One of the children affected by the rules is Tesfa, who grew up in Eritrea. As he got older, he feared being forced into Eritrea’s brutal and endless military service. In 2010, his brother was taken by soldiers, and the family never heard from him again. Then, when Tesfa was 16, soldiers came to his school; Tesfa never returned home. Without telling his family, he fled Eritrea. He did not know where he planned to go—this is the point about legal aid or whatever—but he had to keep moving. He passed through Sudan and Libya, went over the Mediterranean, and found himself, eventually, in the United Kingdom. After applying for asylum, he was recognised as a refugee, and eventually—after well over a year—he was able to speak to his mother. Imagine that at the age of 16. However, he was unable to be reunited with his family in Britain. The UK has offered him a new home, but what home can a young man have without his family? Amnesty, which is compiling a report on this, told me that one refugee said, “A refugee without a family is like a body without a soul.” That quote will be in the Amnesty report—a plug for Amnesty there.
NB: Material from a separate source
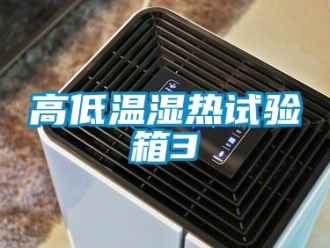 常見問題高低溫濕熱試驗箱3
The Government have previously asserted that allowing children to sponsor their family members to join them would result in families sending their children to the UK so that they could then act as sponsors. During a debate on family reunion in the House of Lords before Christmas, numerous peers rose to take on this argument—I congratulate them on doing so. They cited what Mr Justice McCloskey stated in the upper tribunal:

“there is no evidence underlying it”,

with

“‘it’ being the pull factor”.—[Official Report, House of Lords, 15 December 2017; Vol. 787, c. 1777-78.]

Lord Kerr of Kinlochard, who is better known for drafting article 50, was one of those peers who forcefully took on the Government’s argument. He described as a “strange, sick, Swiftian joke” the Government’s implication that families in countries such as Syria, Libya, Eritrea or the Sudan would sit down together and make the cold calculation that they would send a child on a journey across land and sea that might take several years, putting their lives at risk, to secure a right to bring the rest of the family to join them. It is very difficult to disagree with the noble Lord about that.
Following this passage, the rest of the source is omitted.